Write out again, word for word, the lines below from the line that holds "RuiLing 50-Pack Ayarlanabilir" through the line that holds "Coque Pour Samsung", omitting pictures.

**Excerpted data:**
+++++

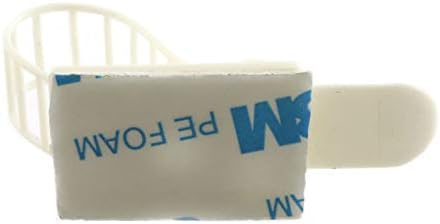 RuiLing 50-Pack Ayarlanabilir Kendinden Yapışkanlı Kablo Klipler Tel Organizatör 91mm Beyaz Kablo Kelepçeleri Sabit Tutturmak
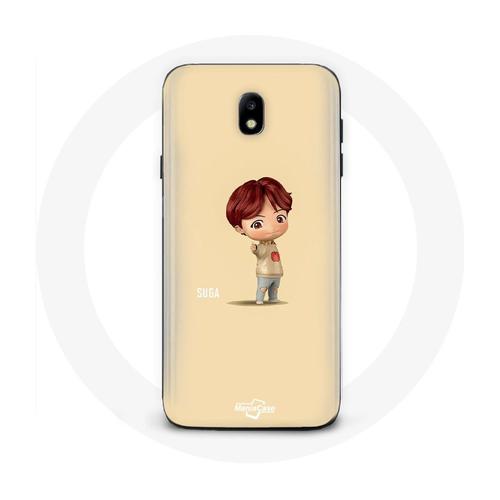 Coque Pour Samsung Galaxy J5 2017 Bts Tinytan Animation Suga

+++++

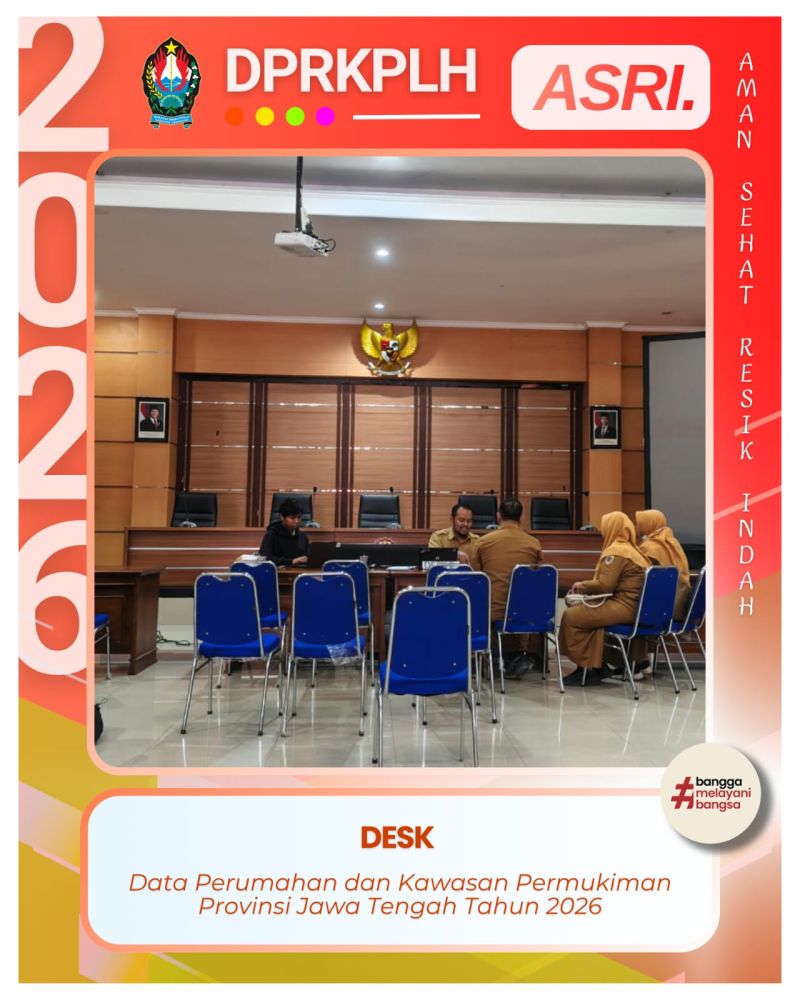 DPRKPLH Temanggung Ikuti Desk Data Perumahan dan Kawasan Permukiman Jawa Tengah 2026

+++++

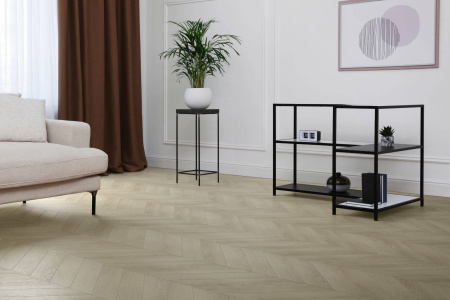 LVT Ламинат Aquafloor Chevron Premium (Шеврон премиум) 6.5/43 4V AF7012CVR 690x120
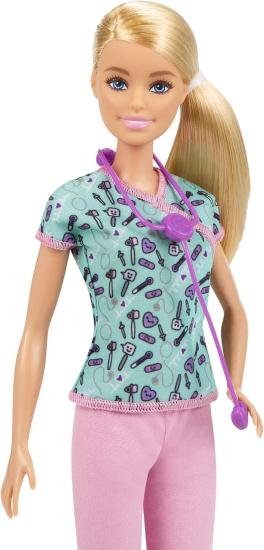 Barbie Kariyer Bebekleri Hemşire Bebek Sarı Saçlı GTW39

+++++

**Task output:**
 RuiLing 50-Pack Ayarlanabilir Kendinden Yapışkanlı Kablo Klipler Tel Organizatör 91mm Beyaz Kablo Kelepçeleri Sabit Tutturmak
 Coque Pour Samsung Galaxy J5 2017 Bts Tinytan Animation Suga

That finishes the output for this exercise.